This is a bummer. I thought it was odd how they were able to get our island info but didn't think of the possibility they were doing it illegally. I've visited a few islands, and hosted on several occasions through turnip exchange because TBT has been loading extremely slowly for me since the update, and sending dodo codes through PMs is a nightmare.


----------



## xSuperMario64x (Apr 25, 2020)

I've honestly never even heard of Turnip Exchange until now, I had to look it up lol.


----------



## skogkyst (Apr 25, 2020)

Woah, I didn't know this was an issue! Thanks for bringing this to the public attention, perhaps I will stop using this service.


----------



## Khaelis (Apr 25, 2020)

I tried contacting the staff about this thread so they could take a look, but they really haven't responded... Oh well.


----------



## a potato (Apr 25, 2020)

I haven’t had any bad experiences with the site, but I’ll be interested to see how things play out. I think they have gotten rid of the current visitor information, so it seems like the site is changing. 

I have noticed people explaining the site incorrectly.
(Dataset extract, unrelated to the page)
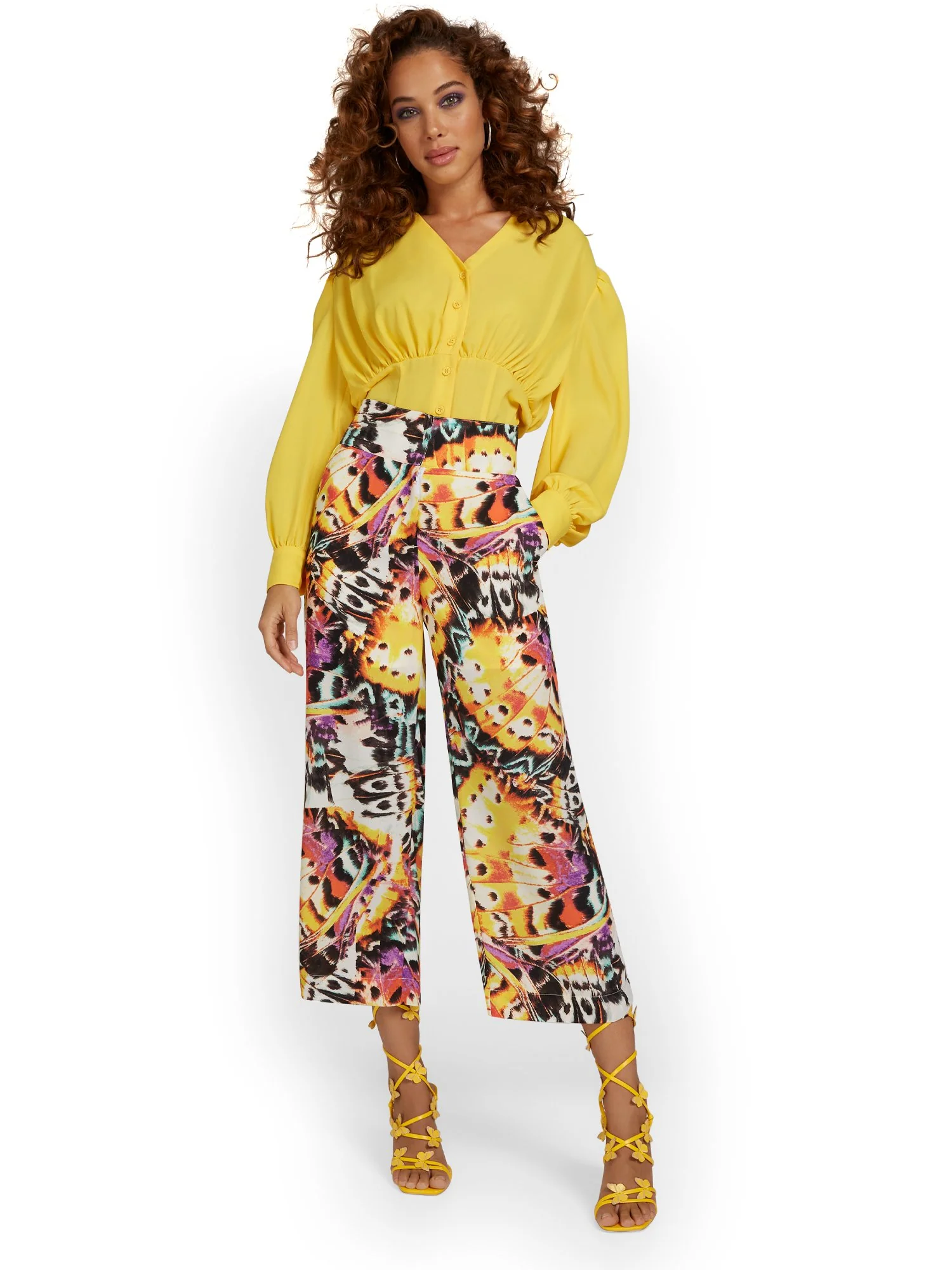 Butterfly-Print Wide-Leg Capri Pant - Image 4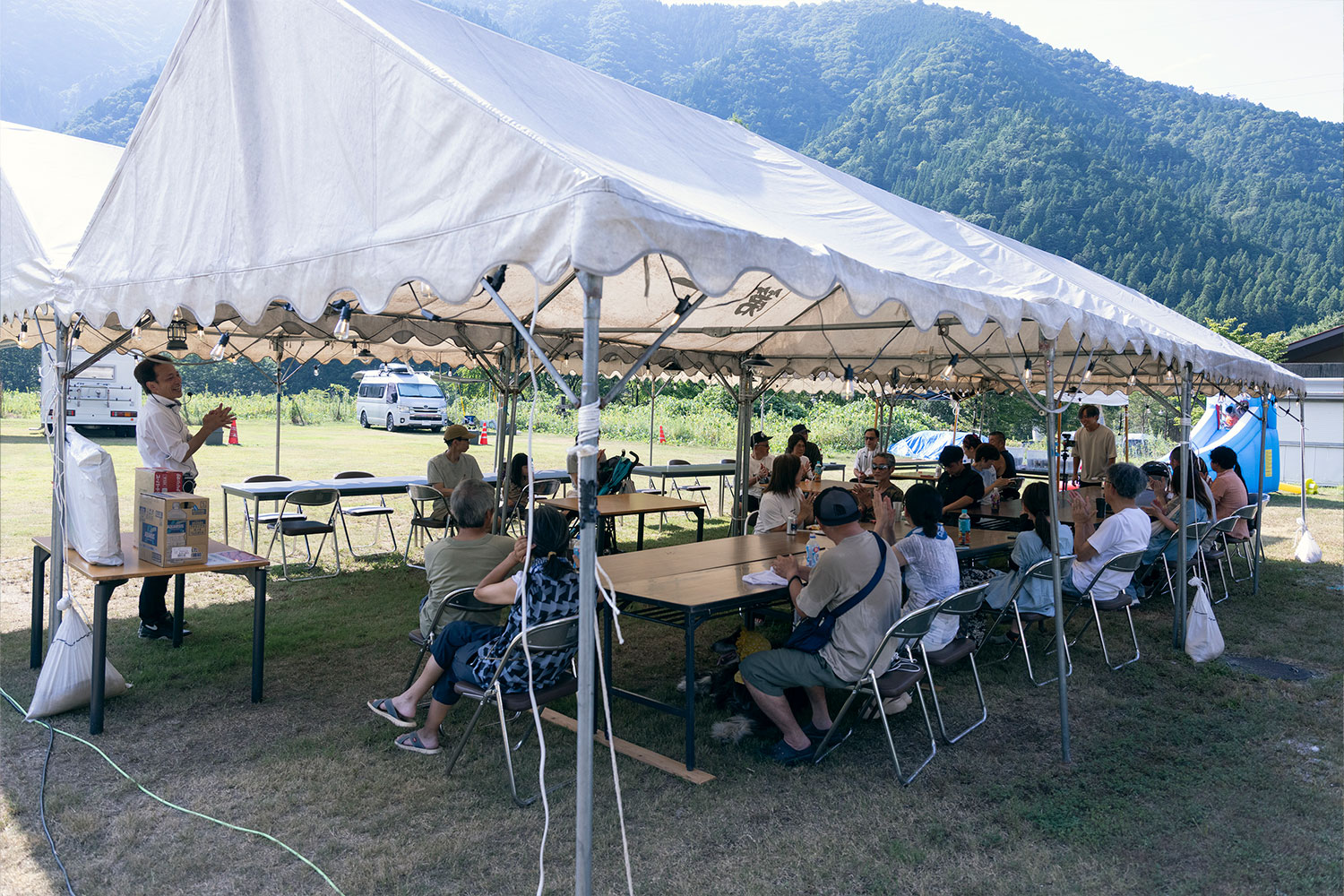 温泉隣接のRVパークにキャンピングカー集結！笑顔が交わるマル得イベントに潜入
There isn’t really an official place for entry fees; they’re treated much like they are on here. I typically don’t go to any islands requiring fees, as that seems to be a standard rule of thumb for turnips. For the most part, it’s like any other site. By opening your town or visiting others, you are risking something. Certainly, the risk is much smaller on a site with feedback, account details, etc., but it’s still possible. 

I don’t mean to anger anyone here—I like Turnip Exchange but understand it isn’t...the best. I do hope it will improve, as it has truly helped a lot.


----------



## Khaelis (Apr 27, 2020)

a potato said:


> I haven’t had any bad experiences with the site, but I’ll be interested to see how things play out. I think they have gotten rid of the current visitor information, so it seems like the site is changing.
> 
> I have noticed people explaining the site incorrectly. There isn’t really an official place for entry fees; they’re treated much like they are on here. I typically don’t go to any islands requiring fees, as that seems to be a standard rule of thumb for turnips. For the most part, it’s like any other site. By opening your town or visiting others, you are risking something. Certainly, the risk is much smaller on a site with feedback, account details, etc., but it’s still possible.
> 
> I don’t mean to anger anyone here—I like Turnip Exchange but understand it isn’t...the best. I do hope it will improve, as it has truly helped a lot.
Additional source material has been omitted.